# rich elderly woman



## ppko (Mar 9, 2006)

An elderly woman walked into the Bank of Canada one morning with a purse
full of money. She wanted to open a savings account and insisted on
talking to the president of the Bank because, she said, she had a lot of
money.

After many lengthy discussions (after all, the client is always
right) an employee took the elderly woman to the president's office.

The president of the Bank asked her how much she wanted to deposit. She
placed her purse on his desk and replied, "$165,000". The president was
curious and asked her how she had been able to save so much money. The
elderly woman replied that she made bets.

The president was surprised and asked, "What kind of bets?"

The elderly woman replied, "Well, I bet you $25,000 ! that your
testicles are square."

The president started to laugh and told the woman that it was impossible
to win a bet like that.

The woman never batted an eye. She just looked at the president and
said, "Would you like to take my bet?"

"Certainly", replied the president. "I bet you $25,000 that my testicles
are not square."

"Done", the elderly woman answered. "But given the amount of money
involved, if you don't mind I would like to come back at 10 o'clock
tomorrow morning with my lawyer as a witness."

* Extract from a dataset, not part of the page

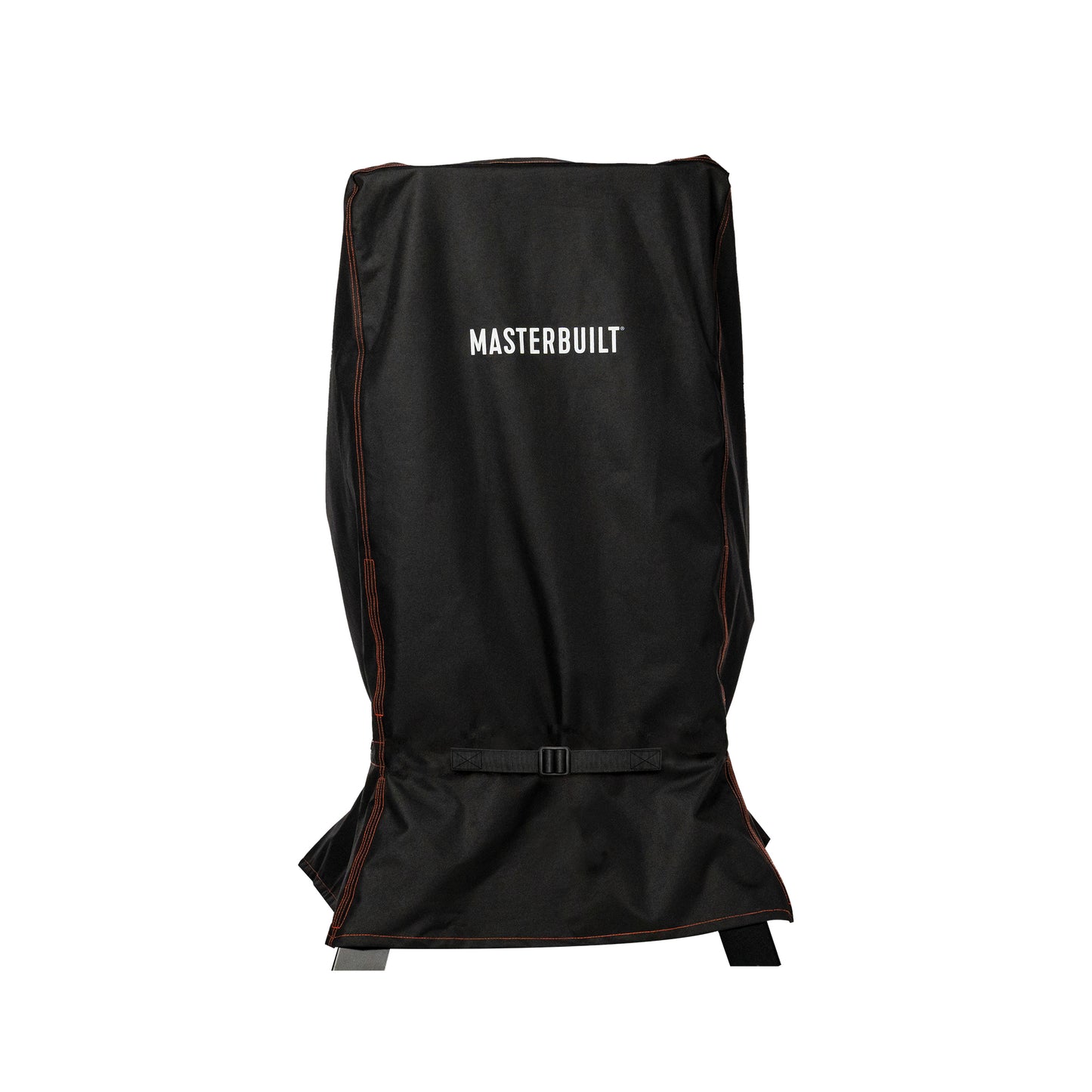 Black smoker cover with 'Masterbuilt' branding on a white background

"No problem", said the president of the Bank confidently.

That night, the president became very nervous about the bet and spent a
long time in front of the mirror examining his testicles, turning them
this way and that, checking them over again and again until he was
positive that no one could consider his testicles as square and
reassuring himself that there was no way he could lose the bet.

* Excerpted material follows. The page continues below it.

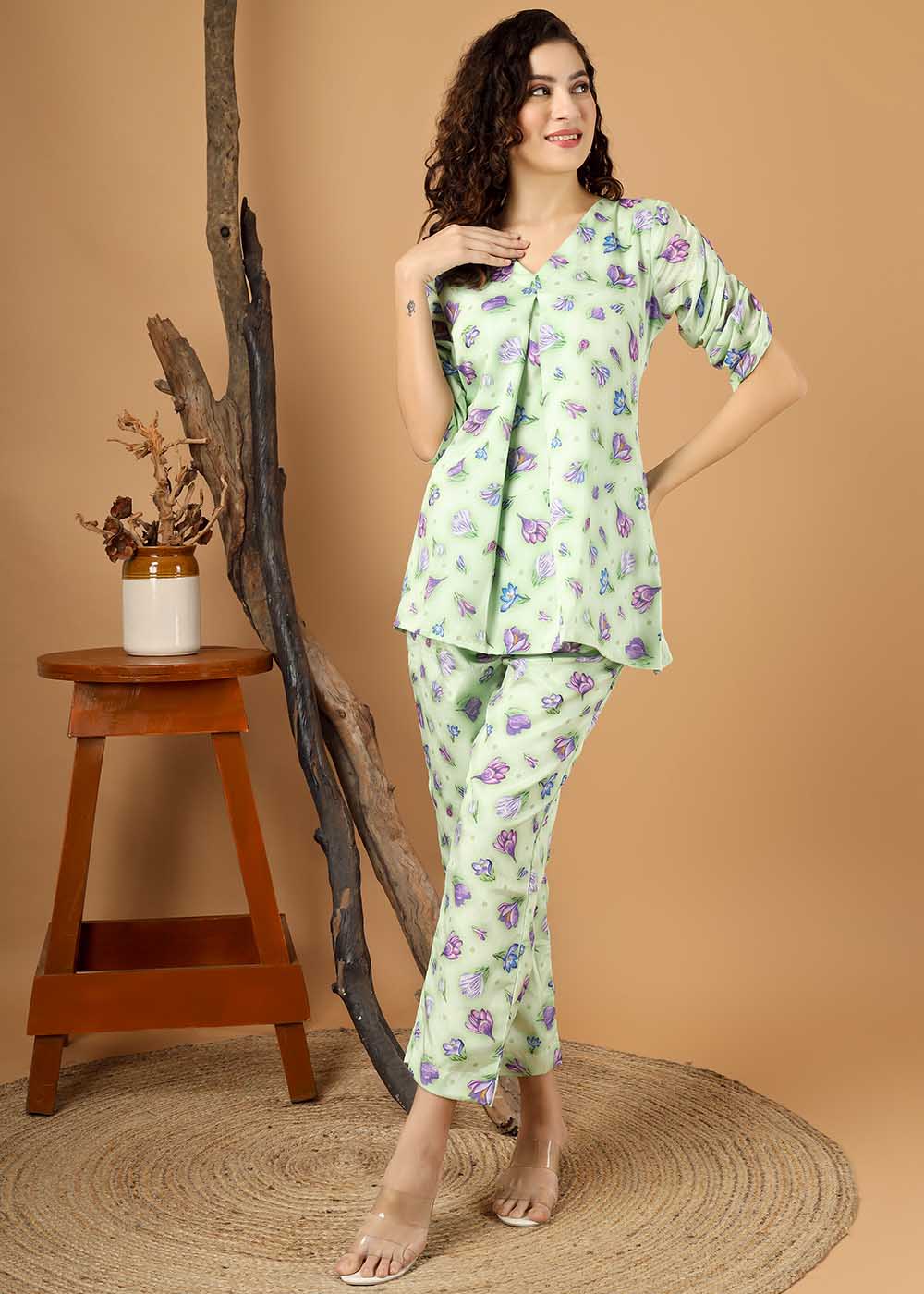 Green Digital Printed Co-Ords Set With Stylish Sleeve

The next morning at exactly 10 o'clock the elderly woman arrived at the
president's office with her lawyer and acknowledged the $25,000 bet made
the day before that the president's testicles were square.

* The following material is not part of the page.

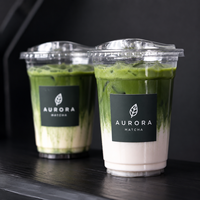 Gobelets en plastique jetables transparents en PET en forme de U avec couvercles à bec verseur, personnalisables avec logo, pour matcha, latte, café glacé, vente en gros pour les cafés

The president confirmed that the bet was the same as the one made the
day before. Then the elderly woman asked him to drop his pants etc. so
that she and her lawyer could see clearly.

The president was happy to oblige.

The elderly woman came closer so she could see better and asked the
president if she could touch them. "Of course", said the president.
"Given the amount of money involved, you should be 100% sure."

The elderly woman did so with a little smile. Suddenly the president
noticed that the lawyer was banging his head against the wall. He asked
the elderly woman why he was doing that and she replied, "Oh, it's
probably because I bet him $100,000 that around 10 o'clock in the
morning I would be holding the balls of the President of the Bank of
Canada!"


----------



## terryl965 (Mar 9, 2006)

Great one again PPKO
Terry


----------